Prompt:
Set the entries below down again, please. Match them exactly.
= Beginning of Section =
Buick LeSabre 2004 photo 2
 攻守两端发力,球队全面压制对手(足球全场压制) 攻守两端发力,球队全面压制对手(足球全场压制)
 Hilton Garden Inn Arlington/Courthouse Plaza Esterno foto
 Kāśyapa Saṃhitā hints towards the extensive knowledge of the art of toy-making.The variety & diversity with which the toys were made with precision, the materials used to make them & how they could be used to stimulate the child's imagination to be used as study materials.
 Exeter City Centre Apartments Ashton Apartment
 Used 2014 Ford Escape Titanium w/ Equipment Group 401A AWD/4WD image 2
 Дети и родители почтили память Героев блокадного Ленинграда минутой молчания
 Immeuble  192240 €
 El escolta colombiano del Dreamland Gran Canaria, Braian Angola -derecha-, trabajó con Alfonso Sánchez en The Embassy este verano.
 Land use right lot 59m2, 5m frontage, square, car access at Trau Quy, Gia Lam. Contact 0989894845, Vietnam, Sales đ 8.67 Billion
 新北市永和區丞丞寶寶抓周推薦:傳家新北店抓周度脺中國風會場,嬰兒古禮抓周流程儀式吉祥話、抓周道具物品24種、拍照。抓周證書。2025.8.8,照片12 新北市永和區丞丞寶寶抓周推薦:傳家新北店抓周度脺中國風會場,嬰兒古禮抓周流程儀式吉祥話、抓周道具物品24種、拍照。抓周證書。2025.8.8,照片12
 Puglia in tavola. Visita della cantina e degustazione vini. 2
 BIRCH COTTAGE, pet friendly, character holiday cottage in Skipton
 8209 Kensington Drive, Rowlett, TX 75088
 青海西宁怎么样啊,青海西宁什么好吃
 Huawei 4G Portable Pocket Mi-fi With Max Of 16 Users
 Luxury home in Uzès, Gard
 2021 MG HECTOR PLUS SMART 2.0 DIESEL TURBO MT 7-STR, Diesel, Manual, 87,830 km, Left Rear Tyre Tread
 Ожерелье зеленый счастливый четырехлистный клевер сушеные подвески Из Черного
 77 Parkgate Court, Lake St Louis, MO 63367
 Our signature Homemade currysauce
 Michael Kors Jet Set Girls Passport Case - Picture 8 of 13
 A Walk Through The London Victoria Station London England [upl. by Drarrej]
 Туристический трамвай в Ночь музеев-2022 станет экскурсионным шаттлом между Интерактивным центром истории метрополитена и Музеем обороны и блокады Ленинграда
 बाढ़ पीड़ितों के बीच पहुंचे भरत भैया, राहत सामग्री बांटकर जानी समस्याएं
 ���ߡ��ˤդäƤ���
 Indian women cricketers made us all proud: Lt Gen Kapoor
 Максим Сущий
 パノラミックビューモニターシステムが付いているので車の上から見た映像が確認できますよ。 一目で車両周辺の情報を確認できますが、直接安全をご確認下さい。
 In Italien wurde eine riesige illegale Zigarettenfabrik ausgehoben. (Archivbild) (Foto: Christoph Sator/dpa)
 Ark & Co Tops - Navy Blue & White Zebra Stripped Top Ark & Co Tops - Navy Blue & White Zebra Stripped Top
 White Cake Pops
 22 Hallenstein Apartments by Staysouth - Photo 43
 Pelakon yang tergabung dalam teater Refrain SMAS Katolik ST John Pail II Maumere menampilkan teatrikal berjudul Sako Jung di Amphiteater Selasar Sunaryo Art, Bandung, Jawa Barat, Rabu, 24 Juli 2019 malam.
= End of Section =
Answer to this task:
Buick LeSabre 2004 photo 2
 攻守两端发力,球队全面压制对手(足球全场压制) 攻守两端发力,球队全面压制对手(足球全场压制)
 Hilton Garden Inn Arlington/Courthouse Plaza Esterno foto
 Kāśyapa Saṃhitā hints towards the extensive knowledge of the art of toy-making.The variety & diversity with which the toys were made with precision, the materials used to make them & how they could be used to stimulate the child's imagination to be used as study materials.
 Exeter City Centre Apartments Ashton Apartment
 Used 2014 Ford Escape Titanium w/ Equipment Group 401A AWD/4WD image 2
 Дети и родители почтили память Героев блокадного Ленинграда минутой молчания
 Immeuble  192240 €
 El escolta colombiano del Dreamland Gran Canaria, Braian Angola -derecha-, trabajó con Alfonso Sánchez en The Embassy este verano.
 Land use right lot 59m2, 5m frontage, square, car access at Trau Quy, Gia Lam. Contact 0989894845, Vietnam, Sales đ 8.67 Billion
 新北市永和區丞丞寶寶抓周推薦:傳家新北店抓周度脺中國風會場,嬰兒古禮抓周流程儀式吉祥話、抓周道具物品24種、拍照。抓周證書。2025.8.8,照片12 新北市永和區丞丞寶寶抓周推薦:傳家新北店抓周度脺中國風會場,嬰兒古禮抓周流程儀式吉祥話、抓周道具物品24種、拍照。抓周證書。2025.8.8,照片12
 Puglia in tavola. Visita della cantina e degustazione vini. 2
 BIRCH COTTAGE, pet friendly, character holiday cottage in Skipton
 8209 Kensington Drive, Rowlett, TX 75088
 青海西宁怎么样啊,青海西宁什么好吃
 Huawei 4G Portable Pocket Mi-fi With Max Of 16 Users
 Luxury home in Uzès, Gard
 2021 MG HECTOR PLUS SMART 2.0 DIESEL TURBO MT 7-STR, Diesel, Manual, 87,830 km, Left Rear Tyre Tread
 Ожерелье зеленый счастливый четырехлистный клевер сушеные подвески Из Черного
 77 Parkgate Court, Lake St Louis, MO 63367
 Our signature Homemade currysauce
 Michael Kors Jet Set Girls Passport Case - Picture 8 of 13
 A Walk Through The London Victoria Station London England [upl. by Drarrej]
 Туристический трамвай в Ночь музеев-2022 станет экскурсионным шаттлом между Интерактивным центром истории метрополитена и Музеем обороны и блокады Ленинграда
 बाढ़ पीड़ितों के बीच पहुंचे भरत भैया, राहत सामग्री बांटकर जानी समस्याएं
 ���ߡ��ˤդäƤ���
 Indian women cricketers made us all proud: Lt Gen Kapoor
 Максим Сущий
 パノラミックビューモニターシステムが付いているので車の上から見た映像が確認できますよ。 一目で車両周辺の情報を確認できますが、直接安全をご確認下さい。
 In Italien wurde eine riesige illegale Zigarettenfabrik ausgehoben. (Archivbild) (Foto: Christoph Sator/dpa)
 Ark & Co Tops - Navy Blue & White Zebra Stripped Top Ark & Co Tops - Navy Blue & White Zebra Stripped Top
 White Cake Pops
 22 Hallenstein Apartments by Staysouth - Photo 43
 Pelakon yang tergabung dalam teater Refrain SMAS Katolik ST John Pail II Maumere menampilkan teatrikal berjudul Sako Jung di Amphiteater Selasar Sunaryo Art, Bandung, Jawa Barat, Rabu, 24 Juli 2019 malam.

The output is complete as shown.